The coolant pipe gasket arrived Wednesday afternoon and I spent Thursday, Friday and part of today installing it. I suspended the gasket with a string tied above the head, threaded thru one of the gasket bolt holes, back up around a pipe above the head and down where I could pull while under the vehicle. I guided it between the coolant pipe flange and the head with a long screwdriver as I slowly pulled the string. Once in position I inserted some long, slender bolts thru the flange to hold the gasket in place while I carefully pulled the string out of the gasket. I soon found that the M7-1.0x20 mm bolts I had purchased were too short.

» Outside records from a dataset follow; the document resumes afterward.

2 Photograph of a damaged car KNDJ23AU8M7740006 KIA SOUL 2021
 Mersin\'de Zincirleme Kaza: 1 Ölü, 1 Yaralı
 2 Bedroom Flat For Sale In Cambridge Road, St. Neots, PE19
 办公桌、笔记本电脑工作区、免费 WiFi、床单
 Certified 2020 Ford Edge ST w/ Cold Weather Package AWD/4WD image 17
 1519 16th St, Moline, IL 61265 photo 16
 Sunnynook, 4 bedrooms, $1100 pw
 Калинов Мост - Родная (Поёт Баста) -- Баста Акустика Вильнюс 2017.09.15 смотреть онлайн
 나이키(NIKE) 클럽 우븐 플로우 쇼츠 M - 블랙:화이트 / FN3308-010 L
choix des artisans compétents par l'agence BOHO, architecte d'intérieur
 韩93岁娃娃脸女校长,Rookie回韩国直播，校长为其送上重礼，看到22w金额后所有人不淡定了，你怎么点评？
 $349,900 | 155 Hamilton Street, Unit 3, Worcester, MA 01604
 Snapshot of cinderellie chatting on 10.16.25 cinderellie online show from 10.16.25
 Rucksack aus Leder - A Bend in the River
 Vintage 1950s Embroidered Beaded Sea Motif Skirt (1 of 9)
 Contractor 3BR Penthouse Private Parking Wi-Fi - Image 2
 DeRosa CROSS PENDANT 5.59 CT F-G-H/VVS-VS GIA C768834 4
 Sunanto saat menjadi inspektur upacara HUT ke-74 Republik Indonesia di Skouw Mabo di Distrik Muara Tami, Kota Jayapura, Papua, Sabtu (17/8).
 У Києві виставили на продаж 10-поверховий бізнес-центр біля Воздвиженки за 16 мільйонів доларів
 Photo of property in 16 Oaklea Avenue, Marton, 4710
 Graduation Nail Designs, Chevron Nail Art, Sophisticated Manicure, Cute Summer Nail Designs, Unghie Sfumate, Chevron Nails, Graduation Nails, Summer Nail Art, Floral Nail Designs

I had one spare 30mm bolt that I added a washer to and inserted in the lower hole. Then I robbed a 30mm flange bolt from one of the camshaft sprockets for the upper fastener. There is a slow drip after I snugged the bolts and added water to the cooling system. I'll torque the bolts properly once I get the correct flange bolts from an online dealer.

The engine started easily and idled smoothly while warming up. The only type of leak I don't have is fuel. There's an ATF leak as previously described, the coolant leak drip, an engine oil leak that drips from the rear of the oil pan near the drain plug, and one or more exhaust leaks. I didn't have a time to locate the origins of the newly detected leaks nor check the turbo for oil or coolant leaks. I'm disappointed about the exhaust leak(s) because I have torqued the exhaust manifold stud nuts to specification. I'll listen with a hose to try and determine if the leaks are between the manifold and the head, the manifold and the turbo or the turbo and the downpipe. I wouldn't be surprised if the previous mechanic reused the exhaust manifold gaskets or even left one or more (there are 5) of them out.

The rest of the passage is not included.